[Records to process — start]

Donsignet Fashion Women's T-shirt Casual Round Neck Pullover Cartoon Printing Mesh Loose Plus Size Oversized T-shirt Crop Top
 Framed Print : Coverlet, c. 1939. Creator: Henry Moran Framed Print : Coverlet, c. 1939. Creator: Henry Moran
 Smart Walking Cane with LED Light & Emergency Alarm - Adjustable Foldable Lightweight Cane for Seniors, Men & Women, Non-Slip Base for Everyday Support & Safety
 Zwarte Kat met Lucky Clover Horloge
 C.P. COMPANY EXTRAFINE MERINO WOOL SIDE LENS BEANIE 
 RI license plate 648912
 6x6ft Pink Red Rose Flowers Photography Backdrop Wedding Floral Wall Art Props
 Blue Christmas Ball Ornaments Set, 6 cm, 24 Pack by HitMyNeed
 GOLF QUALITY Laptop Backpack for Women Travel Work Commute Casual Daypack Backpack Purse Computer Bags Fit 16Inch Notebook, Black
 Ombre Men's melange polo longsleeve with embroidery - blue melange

[Records to process — finish]

Write out every line from the data above that includes "with".

 Smart Walking Cane with LED Light & Emergency Alarm - Adjustable Foldable Lightweight Cane for Seniors, Men & Women, Non-Slip Base for Everyday Support & Safety
 Ombre Men's melange polo longsleeve with embroidery - blue melange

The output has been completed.